Der deutsche Botschafter in der Türkei hat Peter Steudtner und Deniz Yücel im Gefängnis besucht. Mit beiden Inhaftierten sprach er je eine Stunde, es sei "intensiv" gewesen.

Martin Erdmann (2016)
DPA

Martin Erdmann (2016)


Martin Erdmann, der deutsche Botschafter in der Türkei, hat am Dienstag das Gefängnis Silivri westlich von Istanbul besucht und dort jeweils eine Stunde lang mit den beiden Inhaftierten Peter Steudtner und Deniz Yücel gesprochen. Es war das erste Mal seit Steudtners Festnahme Anfang Juli, dass ein deutscher Botschaftsvertreter Zugang zu ihm erhielt.

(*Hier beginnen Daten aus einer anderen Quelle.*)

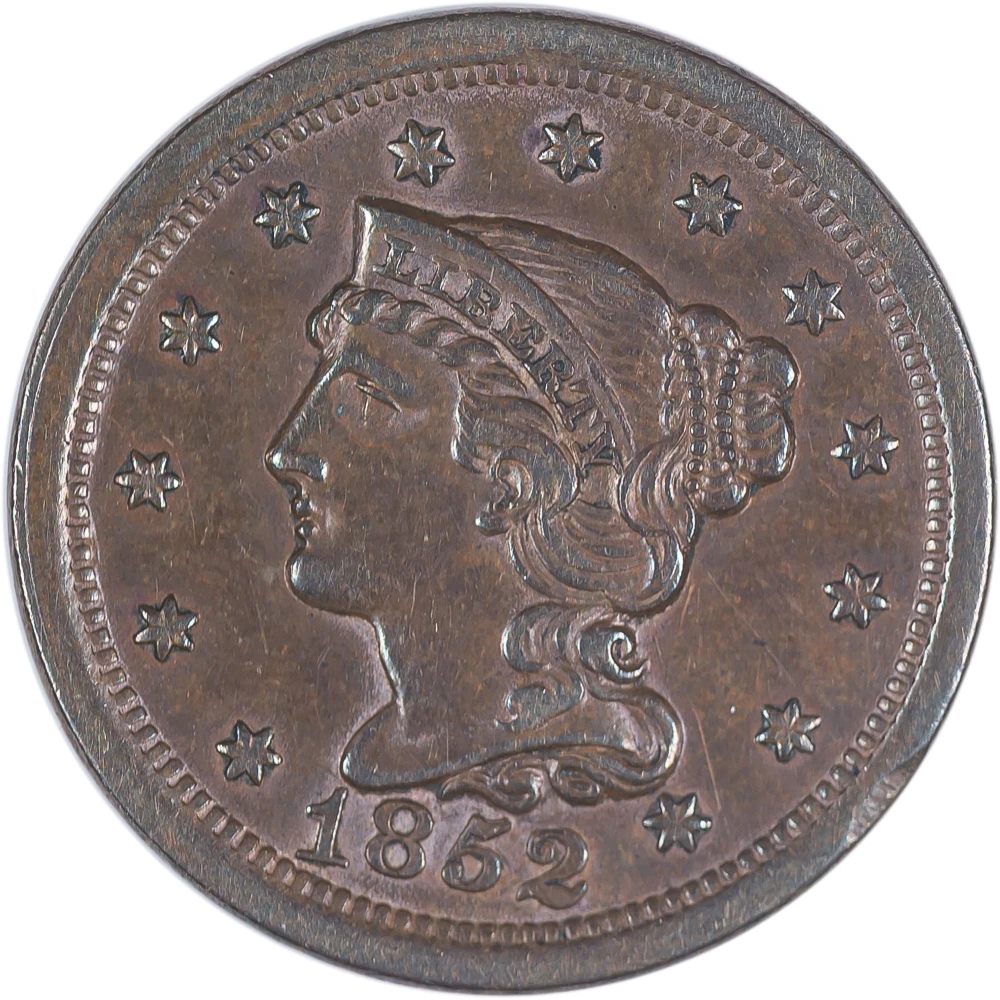 AU-50 1852 Large Cent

Erdmann habe sich davon überzeugen können, dass es Steudtner und Yücel "den Umständen entsprechend gut" gehe, hieß es aus dem Auswärtigen Amt. Beide Gespräche seien "intensiv" gewesen.

Steudtner war am 5. Juli auf der Insel Büyükada vor Istanbul festgenommen worden, als er ein Seminar für türkische Menschenrechtsaktivisten leitete. Außerdem wurden auch der schwedische IT-Spezialist Ali Gharavi und neun türkische Menschenrechtler festgenommen, darunter die türkische Amnesty-Direktorin Idil Eser. Ihnen wird die Unterstützung einer nicht genannten Terrororganisation vorgeworfen.

Der deutschtürkische Journalist Yücel sitzt bereits seit dem 14. Februar in Haft. Er hatte sich freiwillig der Polizei in Istanbul gestellt. Ihm werden Terrorpropaganda und Volksverhetzung vorgeworfen. Der türkische Präsident Recep Tayyip Erdogan bezeichnete ihn wiederholt als deutschen "Spion" und "Agenten" der verbotenen Arbeiterpartei Kurdistans (PKK).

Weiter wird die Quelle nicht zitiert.